Et nos pneus, ça roule ?
Si ça roule ? Je veux mon n’veu ! Y’a bien quand même Pierrot qui se plaint que le pneu se fend, en long, en travers, dès 300 bornes franchies… Avec ses pneus notre Pierrot il a un peu la scoumoune. C’est vrai qu’il a souvent été embistrouillé. Faut dire que « Hutchinson » c’est « Total » et que notre copain, cette vitrine du capitalisme rayonnant c’est pas sa tasse de thé. Cela dit, sur ce point, il n’est pas le seul ! Comme lui votre serviteur, et probablement beaucoup d’autres qui roulent sur nos enveloppes, n’est pas un inconditionnel du « méprisons tout pour faire du pognon ». Mais peut-être que du côté de Chalette-sur-Loing ils l’ont ciblé lui, Pierrot, pour qu’il subisse l’ire des tripatouilleurs de caoutchouc. Toujours est-il qu’en ce qui me concerne, quatre kilos de pression dans les boudins pour supporter les 82 autres kilos qui me donnent cette silhouette d’athlète et roule ma poule. Jamais eu un souci de quelle sorte que ce fut. Ni de fente, ni de déchirure, peu de crevaisons, et ces dernières seulement récemment, aujourd’hui que mes pneus atteignent ou peut-être même ont déjà passé (car je ne me souviens pas bien de la date à laquelle je les ai montés) les 10 000 km. Pas de débat sur ce point cependant, car comme l’affirme le sens public : toutes les choses ont une fin, et l’on ne peut demander à nos pneus d’être à la fois des palefrois et des destriers, des enveloppes de race et des pneus de tracteurs. Petit retour sur le passage plus haut relatif à « Hutchinson ». Sans revenir sur la courte et puissamment critique analyse politico-sociale, sachons tout de même que nos pneus ont toujours été conçus et fabriqués en France, par des collaborateurs français, payés probablement pas assez mais au moins décemment par rapport aux salaires versés en Asie du Sud-Est, ce qui, depuis longtemps, n’est plus le cas des autres manufacturiers. Cela pour dire que rien n’est jamais ni tout blanc ni tout noir !

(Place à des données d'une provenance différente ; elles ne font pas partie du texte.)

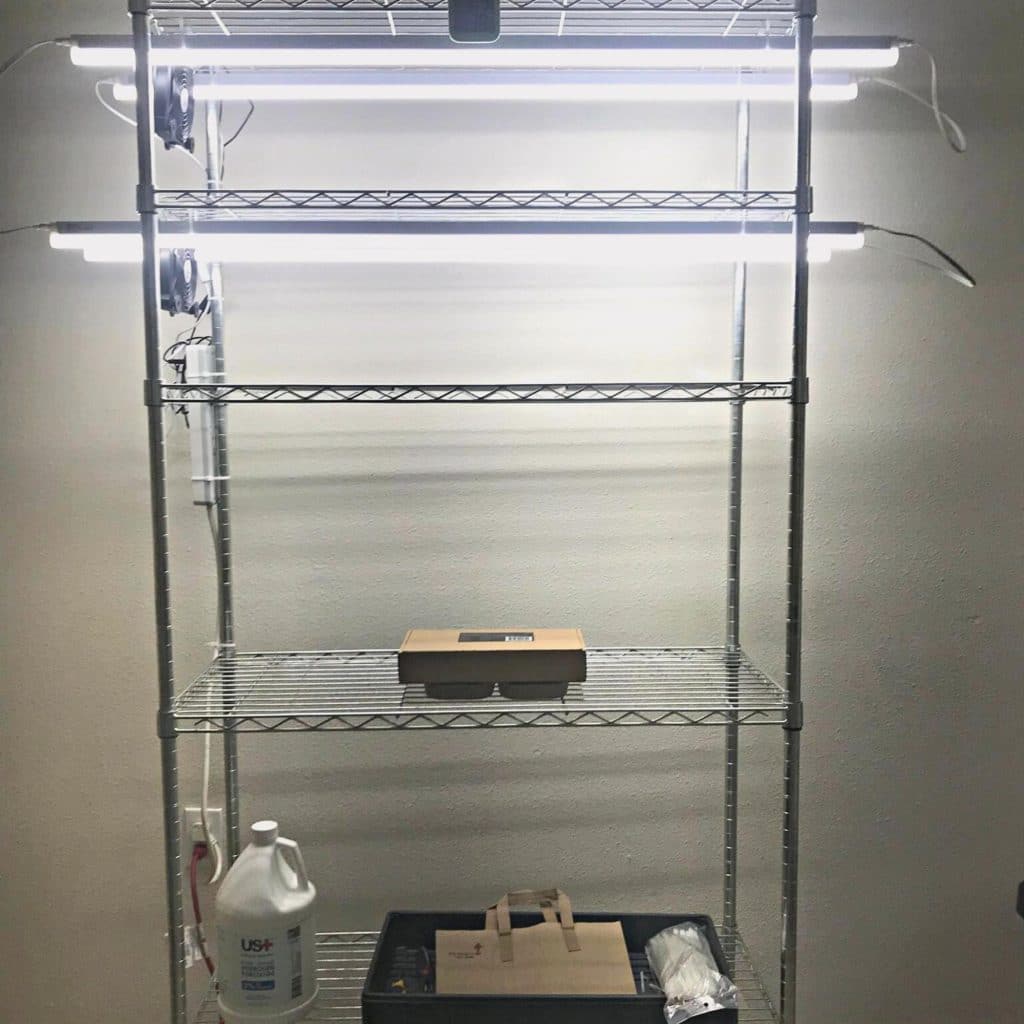 My initial vertical garden microgreens setup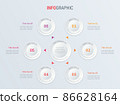 Red vector infographics timeline design template with circle elements. Content, schedule, timeline, diagram, workflow, business, infographic, flowchart. 6 options infographic. 86628164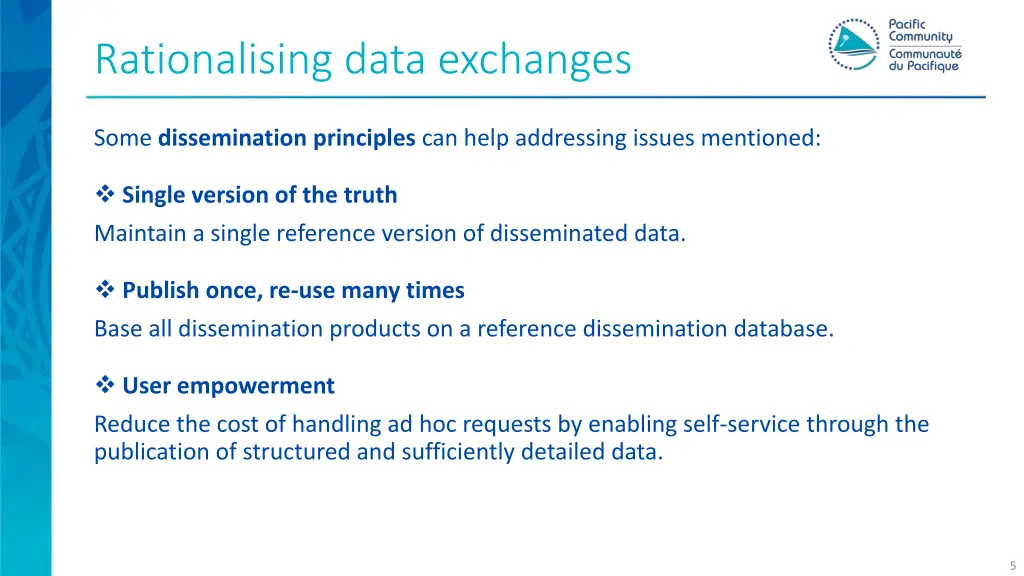 rationalising data exchanges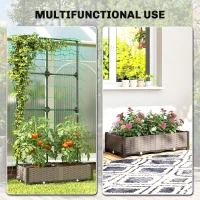 Outsunny 2PCS Plastic Planter Box with Trellis, Self-Watering Raised Garden Bed with Trellis and Netting(m-4)
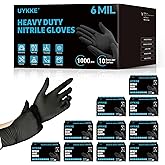 UYKKE HEAVY DUTY 6 Mil Nitrile Black Gloves Disposable Latex Free Rubber Cooking Cleaning Food Prep Tattoo Gloves 1000PCs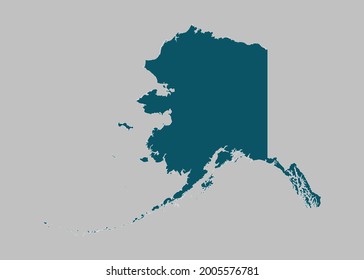 alaska map vector,isolated ocean blue color on gray background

Bona Annada et Tenètz-vos fièrs !*
C’est trop tard pour vous souhaiter un Joyeux Noël ! Le Père-Noël vous a-t-il apporté une nouvelle randonneuse (une pensée ici pour l’ingéniosité du bonhomme en rouge, parce que faire passer une randonneuse par une cheminée, coucou… Imaginez le QI du barbu) ? Mais je suis pile à temps pour vous souhaiter à tous une merveilleuse année 2025. Certes, ce ne sont pas mes quelques pauvres et humbles lignes qui vont changer vos destinées. Hélas, les choses ne sont pas si simples et les événements seront ce qu’ils doivent être sans que les souhaits, même ceux que le gamin de l’Élysée ne manquera pas de nous adresser, ne puissent rien y changer. Mais qu’à cela ne tienne ! Moi, ça me fait plaisir de vous dire, à vous que je connais et que j’apprécie bien sûr, mais aussi à ceux que je ne connais pas, que j’espère sincèrement que vous n’allez pas trop souffrir de la connerie des hommes, que vous allez vous battre pour ne pas tout à fait subir les dangereuses fariboles, les morsures venimeuses ou les refus de voir les pavés écolos qui nous tombent déjà dessus, des décideurs de tous poils qui ne cherchent que le pouvoir et l’argent. Et même au-delà de ces redondantes mises en garde, j’espère pour vous des montagnes de plaisirs cyclistes, celles qui vous procureront le bonheur des suaves pédalages, générateurs d’endorphines qui, elles, vous offriront l’extase de la méditation.